How can i optimize this S-curve function?


I am working on a gamma function that generates a "S-Curve". I need to run it in a realtime environment so i need to speed it up as much as possible.

The code is as follows:

float Gamma = 2.0f; //Input Variable

float GammaMult = pow(0.5f, 1.0f-Gamma);
if(Input<1.0f && Input>0.0f)
{
    if(Input<0.5f)
    {
        Output = pow(Input,Gamma)*GammaMult;
    }
    else
    {
        Output  = 1.0f-pow(1.0f-Input,Gamma)*GammaMult;
    }
}
else
{
   Output  = Input;
}

Is there any way I can optimize this code?


Solution

  • You can avoid pipeline stalls by eliminating branching on Input<1.0f && Input>0.0f if the instruction set supports saturation arithmetic or use max/min intrinsics, e.g. x86 MAXSS

    You should also eliminate the other branching via rounding the saturated Input.

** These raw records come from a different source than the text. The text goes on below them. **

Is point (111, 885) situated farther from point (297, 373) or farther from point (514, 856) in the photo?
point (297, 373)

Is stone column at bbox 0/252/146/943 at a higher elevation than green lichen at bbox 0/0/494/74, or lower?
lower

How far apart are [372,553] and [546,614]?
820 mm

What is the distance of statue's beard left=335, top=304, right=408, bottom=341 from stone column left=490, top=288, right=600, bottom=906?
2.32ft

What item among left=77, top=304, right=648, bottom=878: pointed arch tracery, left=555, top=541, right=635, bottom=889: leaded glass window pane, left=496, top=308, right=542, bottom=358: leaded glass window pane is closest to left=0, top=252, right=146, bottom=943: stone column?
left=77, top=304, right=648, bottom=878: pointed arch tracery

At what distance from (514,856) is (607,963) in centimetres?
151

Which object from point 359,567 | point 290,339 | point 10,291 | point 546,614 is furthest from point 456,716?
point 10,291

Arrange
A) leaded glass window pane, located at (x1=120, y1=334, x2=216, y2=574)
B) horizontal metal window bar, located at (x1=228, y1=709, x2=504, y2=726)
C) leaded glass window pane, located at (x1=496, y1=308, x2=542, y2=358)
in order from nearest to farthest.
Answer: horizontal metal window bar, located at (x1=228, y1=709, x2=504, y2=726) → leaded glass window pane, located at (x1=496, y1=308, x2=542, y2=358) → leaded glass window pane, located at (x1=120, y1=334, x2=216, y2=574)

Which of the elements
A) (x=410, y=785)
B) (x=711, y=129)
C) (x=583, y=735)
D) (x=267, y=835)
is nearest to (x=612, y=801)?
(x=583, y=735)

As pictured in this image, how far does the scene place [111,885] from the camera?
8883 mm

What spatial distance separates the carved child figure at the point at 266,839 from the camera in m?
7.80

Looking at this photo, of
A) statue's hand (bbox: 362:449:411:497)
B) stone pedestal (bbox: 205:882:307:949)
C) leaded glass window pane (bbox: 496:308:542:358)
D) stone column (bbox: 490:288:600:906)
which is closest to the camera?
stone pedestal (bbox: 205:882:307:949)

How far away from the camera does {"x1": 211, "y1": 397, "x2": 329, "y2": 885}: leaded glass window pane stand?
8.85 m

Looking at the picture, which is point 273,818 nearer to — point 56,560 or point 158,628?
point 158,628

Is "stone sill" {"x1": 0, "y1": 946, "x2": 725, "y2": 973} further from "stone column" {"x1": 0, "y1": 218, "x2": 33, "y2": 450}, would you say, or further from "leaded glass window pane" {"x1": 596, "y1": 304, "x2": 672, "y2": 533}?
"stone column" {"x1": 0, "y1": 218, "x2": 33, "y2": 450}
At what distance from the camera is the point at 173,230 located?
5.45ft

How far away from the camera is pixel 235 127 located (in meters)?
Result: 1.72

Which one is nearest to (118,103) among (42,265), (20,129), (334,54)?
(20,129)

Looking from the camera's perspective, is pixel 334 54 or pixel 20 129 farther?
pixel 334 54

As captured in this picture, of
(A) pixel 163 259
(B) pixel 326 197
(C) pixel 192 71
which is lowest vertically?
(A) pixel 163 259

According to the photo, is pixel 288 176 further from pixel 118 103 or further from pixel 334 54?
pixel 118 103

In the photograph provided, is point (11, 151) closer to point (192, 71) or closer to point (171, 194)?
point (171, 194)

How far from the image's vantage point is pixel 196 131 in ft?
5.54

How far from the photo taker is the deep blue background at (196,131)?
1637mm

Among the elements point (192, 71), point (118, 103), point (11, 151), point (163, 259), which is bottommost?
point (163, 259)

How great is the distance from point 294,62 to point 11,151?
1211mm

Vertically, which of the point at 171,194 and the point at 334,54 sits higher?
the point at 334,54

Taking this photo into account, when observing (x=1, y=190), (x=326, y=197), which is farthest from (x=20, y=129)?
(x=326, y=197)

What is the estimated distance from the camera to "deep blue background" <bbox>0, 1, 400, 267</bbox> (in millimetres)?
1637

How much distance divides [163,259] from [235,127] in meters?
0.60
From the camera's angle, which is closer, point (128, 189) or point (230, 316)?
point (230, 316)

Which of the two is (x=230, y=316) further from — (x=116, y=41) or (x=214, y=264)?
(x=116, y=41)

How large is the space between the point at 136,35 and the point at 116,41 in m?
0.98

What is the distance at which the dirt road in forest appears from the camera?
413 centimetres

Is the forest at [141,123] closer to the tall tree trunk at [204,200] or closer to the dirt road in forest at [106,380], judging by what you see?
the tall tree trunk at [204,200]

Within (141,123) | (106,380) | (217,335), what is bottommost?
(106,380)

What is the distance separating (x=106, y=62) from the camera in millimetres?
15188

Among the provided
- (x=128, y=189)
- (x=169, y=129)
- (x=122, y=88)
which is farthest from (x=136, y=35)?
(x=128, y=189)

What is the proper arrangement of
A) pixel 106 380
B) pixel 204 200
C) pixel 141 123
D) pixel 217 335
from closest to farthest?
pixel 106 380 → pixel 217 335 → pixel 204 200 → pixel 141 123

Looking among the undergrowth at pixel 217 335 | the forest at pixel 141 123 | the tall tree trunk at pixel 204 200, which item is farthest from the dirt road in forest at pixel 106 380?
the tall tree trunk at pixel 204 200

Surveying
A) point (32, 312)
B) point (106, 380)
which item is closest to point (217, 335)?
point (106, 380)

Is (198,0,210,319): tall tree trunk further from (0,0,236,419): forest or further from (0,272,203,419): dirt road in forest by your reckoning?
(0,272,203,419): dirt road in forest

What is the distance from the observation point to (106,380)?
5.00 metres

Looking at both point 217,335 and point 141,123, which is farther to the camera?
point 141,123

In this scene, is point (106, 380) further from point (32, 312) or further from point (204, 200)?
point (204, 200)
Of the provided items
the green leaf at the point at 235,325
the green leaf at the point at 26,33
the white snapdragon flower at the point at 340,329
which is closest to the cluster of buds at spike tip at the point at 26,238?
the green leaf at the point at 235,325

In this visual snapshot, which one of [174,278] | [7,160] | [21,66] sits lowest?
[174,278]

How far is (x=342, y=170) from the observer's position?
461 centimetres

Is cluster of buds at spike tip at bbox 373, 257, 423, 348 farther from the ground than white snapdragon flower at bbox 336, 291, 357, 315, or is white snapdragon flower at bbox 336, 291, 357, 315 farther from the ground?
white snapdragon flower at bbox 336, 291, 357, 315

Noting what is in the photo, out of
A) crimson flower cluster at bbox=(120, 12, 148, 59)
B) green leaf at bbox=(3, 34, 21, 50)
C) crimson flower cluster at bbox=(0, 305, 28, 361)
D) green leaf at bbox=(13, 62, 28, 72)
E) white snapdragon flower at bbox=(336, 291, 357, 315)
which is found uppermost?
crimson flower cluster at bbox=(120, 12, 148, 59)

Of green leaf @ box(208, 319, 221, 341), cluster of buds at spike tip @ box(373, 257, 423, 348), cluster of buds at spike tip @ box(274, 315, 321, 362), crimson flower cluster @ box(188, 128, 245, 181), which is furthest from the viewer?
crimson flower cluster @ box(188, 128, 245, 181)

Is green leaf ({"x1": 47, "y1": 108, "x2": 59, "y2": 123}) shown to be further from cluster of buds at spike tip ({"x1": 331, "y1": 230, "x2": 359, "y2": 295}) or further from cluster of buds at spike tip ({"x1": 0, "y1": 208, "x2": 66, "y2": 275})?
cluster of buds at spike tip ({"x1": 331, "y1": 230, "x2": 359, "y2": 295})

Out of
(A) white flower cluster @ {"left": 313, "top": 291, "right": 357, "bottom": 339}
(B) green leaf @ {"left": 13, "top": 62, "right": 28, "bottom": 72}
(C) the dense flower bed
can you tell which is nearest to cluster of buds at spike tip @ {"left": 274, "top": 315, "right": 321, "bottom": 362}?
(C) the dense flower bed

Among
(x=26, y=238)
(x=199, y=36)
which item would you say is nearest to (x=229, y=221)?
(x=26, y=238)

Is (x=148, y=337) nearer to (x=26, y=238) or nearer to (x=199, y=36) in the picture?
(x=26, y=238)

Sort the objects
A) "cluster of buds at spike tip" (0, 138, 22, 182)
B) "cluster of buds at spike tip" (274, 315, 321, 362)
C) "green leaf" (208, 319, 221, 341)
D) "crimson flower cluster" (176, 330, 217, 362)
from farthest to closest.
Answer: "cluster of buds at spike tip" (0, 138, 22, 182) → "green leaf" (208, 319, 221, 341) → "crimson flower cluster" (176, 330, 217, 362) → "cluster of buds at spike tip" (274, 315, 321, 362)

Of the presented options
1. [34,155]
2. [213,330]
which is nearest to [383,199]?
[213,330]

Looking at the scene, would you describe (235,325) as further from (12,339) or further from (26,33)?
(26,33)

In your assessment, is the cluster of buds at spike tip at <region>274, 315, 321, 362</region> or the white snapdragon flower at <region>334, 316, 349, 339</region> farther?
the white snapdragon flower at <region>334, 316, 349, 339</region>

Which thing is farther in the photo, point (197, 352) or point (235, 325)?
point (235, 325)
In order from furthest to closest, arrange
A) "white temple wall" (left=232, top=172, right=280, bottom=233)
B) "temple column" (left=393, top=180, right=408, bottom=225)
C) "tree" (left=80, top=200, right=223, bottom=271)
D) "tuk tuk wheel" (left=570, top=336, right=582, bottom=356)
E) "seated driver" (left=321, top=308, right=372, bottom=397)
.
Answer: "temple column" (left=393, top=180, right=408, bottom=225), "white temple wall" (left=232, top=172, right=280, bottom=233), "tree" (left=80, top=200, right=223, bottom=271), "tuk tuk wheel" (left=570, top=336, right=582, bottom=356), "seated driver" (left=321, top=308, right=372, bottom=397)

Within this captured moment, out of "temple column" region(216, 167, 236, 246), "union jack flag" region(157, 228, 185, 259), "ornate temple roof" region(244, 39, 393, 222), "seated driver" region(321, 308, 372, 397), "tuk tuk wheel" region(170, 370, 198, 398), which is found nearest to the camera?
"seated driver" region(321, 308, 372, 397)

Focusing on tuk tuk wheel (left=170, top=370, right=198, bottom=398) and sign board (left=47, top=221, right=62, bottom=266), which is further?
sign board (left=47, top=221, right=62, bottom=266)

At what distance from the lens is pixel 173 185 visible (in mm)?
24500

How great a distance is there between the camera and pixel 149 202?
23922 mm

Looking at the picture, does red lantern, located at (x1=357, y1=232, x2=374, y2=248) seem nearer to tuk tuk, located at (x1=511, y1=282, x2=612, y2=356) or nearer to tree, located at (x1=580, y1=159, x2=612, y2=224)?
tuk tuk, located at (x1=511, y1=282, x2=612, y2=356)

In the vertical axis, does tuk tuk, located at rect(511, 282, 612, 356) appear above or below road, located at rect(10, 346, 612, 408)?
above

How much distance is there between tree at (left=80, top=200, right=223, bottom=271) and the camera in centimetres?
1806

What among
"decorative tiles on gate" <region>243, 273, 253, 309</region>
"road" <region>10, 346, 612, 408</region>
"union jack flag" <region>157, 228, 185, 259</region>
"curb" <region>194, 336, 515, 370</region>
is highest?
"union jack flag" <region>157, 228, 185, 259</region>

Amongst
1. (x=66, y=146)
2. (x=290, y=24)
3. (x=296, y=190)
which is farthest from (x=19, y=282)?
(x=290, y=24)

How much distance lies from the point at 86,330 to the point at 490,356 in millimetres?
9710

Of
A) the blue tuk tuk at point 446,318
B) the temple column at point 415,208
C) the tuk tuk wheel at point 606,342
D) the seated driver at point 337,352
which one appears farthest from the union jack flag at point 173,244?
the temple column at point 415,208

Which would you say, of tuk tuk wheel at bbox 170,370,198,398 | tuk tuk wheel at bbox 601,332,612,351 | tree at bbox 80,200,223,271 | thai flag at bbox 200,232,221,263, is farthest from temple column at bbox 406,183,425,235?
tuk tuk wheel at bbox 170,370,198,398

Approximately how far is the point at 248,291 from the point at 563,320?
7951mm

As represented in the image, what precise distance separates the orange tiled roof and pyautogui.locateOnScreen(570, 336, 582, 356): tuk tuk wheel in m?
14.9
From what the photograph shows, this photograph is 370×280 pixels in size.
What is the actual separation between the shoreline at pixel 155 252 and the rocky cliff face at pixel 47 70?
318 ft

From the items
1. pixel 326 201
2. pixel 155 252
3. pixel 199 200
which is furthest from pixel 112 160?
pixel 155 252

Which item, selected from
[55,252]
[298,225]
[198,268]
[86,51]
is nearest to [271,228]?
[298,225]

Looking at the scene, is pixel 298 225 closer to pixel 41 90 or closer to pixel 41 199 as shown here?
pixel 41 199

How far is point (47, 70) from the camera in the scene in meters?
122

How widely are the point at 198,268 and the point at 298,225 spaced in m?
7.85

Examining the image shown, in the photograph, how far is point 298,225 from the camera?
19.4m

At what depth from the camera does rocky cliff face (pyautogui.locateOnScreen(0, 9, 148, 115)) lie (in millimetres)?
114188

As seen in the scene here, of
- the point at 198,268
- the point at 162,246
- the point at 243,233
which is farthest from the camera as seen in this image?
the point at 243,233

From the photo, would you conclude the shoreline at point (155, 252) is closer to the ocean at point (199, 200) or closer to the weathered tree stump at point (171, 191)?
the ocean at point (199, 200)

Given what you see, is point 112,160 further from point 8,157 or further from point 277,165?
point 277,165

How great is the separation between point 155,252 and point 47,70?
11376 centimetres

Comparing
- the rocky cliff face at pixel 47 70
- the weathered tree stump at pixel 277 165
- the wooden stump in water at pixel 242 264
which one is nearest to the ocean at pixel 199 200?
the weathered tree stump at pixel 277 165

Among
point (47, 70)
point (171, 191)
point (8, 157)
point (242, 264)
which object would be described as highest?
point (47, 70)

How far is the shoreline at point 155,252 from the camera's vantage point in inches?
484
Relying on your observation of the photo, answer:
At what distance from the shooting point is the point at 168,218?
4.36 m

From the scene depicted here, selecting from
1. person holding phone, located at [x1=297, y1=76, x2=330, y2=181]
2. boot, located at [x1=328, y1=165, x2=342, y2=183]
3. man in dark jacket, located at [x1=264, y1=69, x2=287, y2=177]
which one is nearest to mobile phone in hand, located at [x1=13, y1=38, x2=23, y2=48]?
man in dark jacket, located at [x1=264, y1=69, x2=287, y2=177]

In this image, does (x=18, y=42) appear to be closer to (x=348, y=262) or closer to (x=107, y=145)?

Full algorithm:

    float GammaMult = pow(0.5f, 1.0f-Gamma);
    Input = saturate(Input); // saturate via assembly or intrinsics
    // Input is now in [0, 1]
    Rounded = round(Input); // round via assembly or intrinsics
    Coeff = 1 - 2 * Rounded
    Output = Rounded + Coeff * pow(Rounded + Coeff * Input,Gamma)*GammaMult;
    

    Rounding should be done via asm/intrinsics as well.

    If you use this function on e.g. successive values of an array you should consider vectorising it if the target architecture supports SIMD.